PROVIDED ENTRIES ->
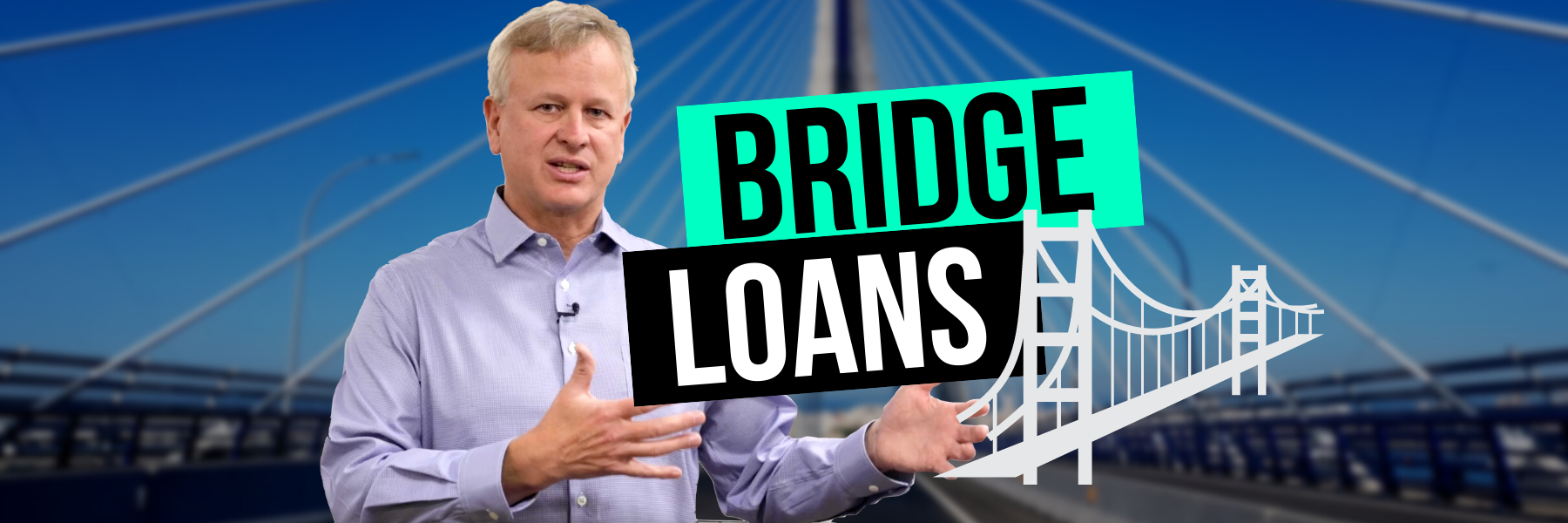 Text: "Bridge Loans"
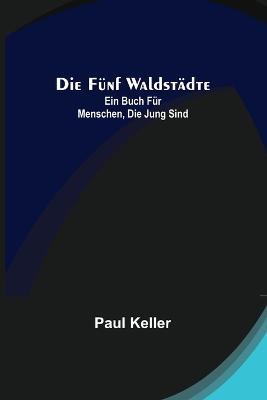 Die funf Waldstadte: Ein Buch fur Menschen, die jung sind - Paul Keller - cover
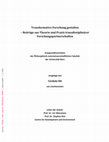 Research paper thumbnail of Transformative Forschung gestalten – Beiträge aus Theorie und Praxis transdisziplinärer Forschungspartnerschaften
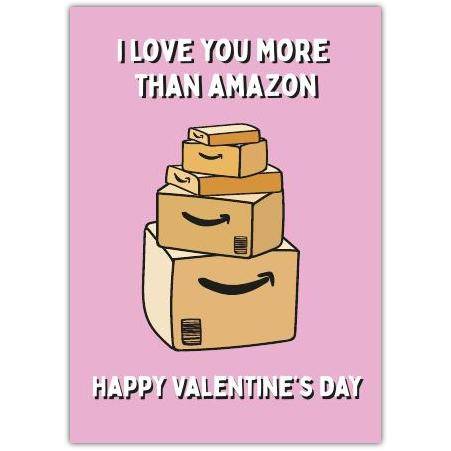 I Love You More Than Amazon Valentine's Day Greeting Card with Humorous Parcel Design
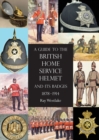 Image for A Guide to the British Home Service Helmet and Its Badges 1878 - 1914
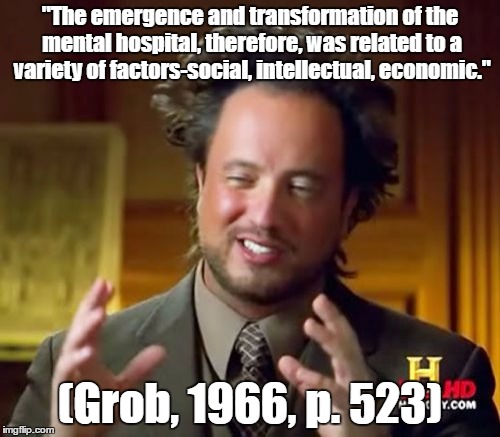 Ancient Aliens | "The emergence and transformation of the mental hospital, therefore, was related to a variety of factors-social, intellectual, economic."; (Grob, 1966, p. 523) | image tagged in memes,ancient aliens | made w/ Imgflip meme maker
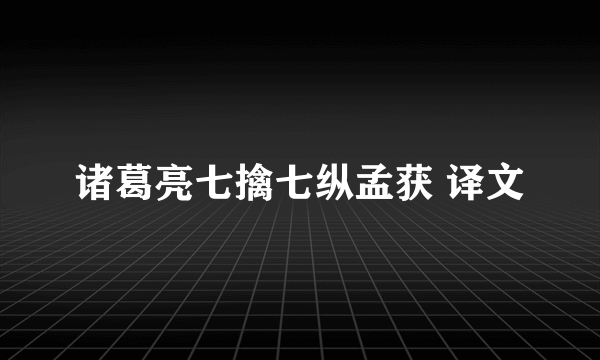 诸葛亮七擒七纵孟获 译文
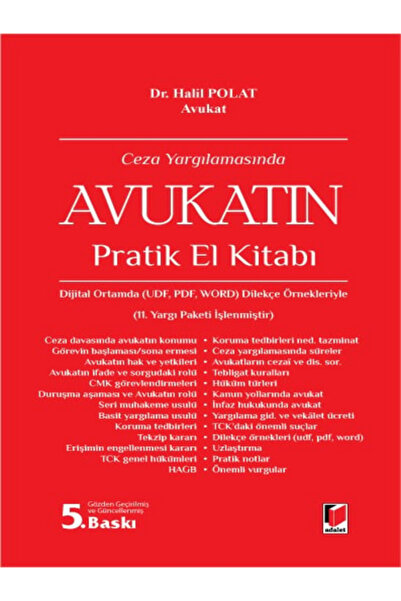 Adalet Yayınevi Ceza Yargılamasında Avukatın Pratik El Kitabı Halil Polat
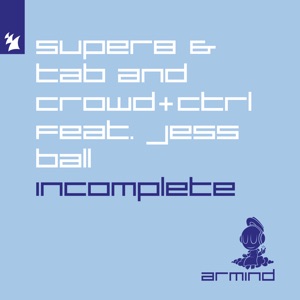 Super8 & Tab and Crowd+Ctrl feat. Jess Ball — Incomplete (Extended Mix)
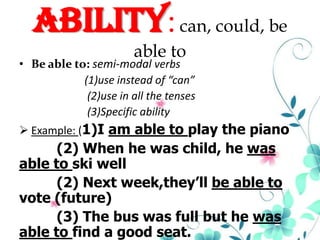 Ability: can, could, be
able to

• Be able to: semi-modal verbs
(1)use instead of “can”
(2)use in all the tenses
(3)Specific ability
 Example: (1)I am able to play the piano

(2) When he was child, he was
able to ski well
(2) Next week,they’ll be able to
vote (future)
(3) The bus was full but he was
able to find a good seat.

 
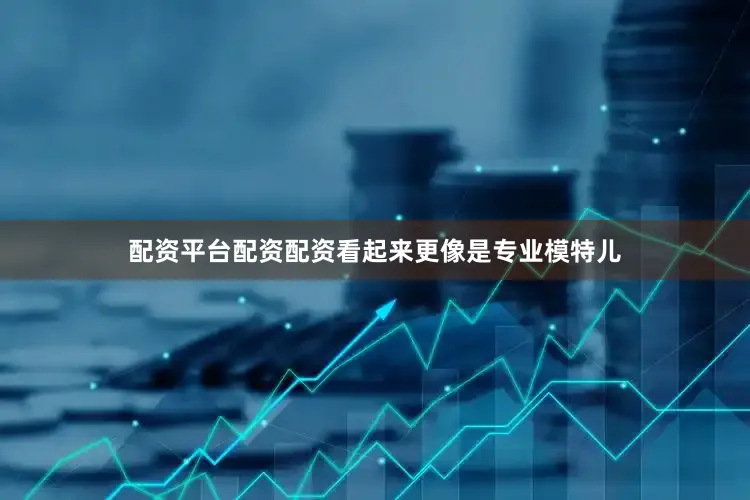 配资平台配资配资看起来更像是专业模特儿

WHAT NEEDS TO BE DONE ->
Would you please return all lines of the data that include the word "able"?

RESULT OF THE EXERCISE ->
able to
• Be able to: semi-modal verbs
 Example: (1)I am able to play the piano
able to ski well
(2) Next week,they’ll be able to
able to find a good seat.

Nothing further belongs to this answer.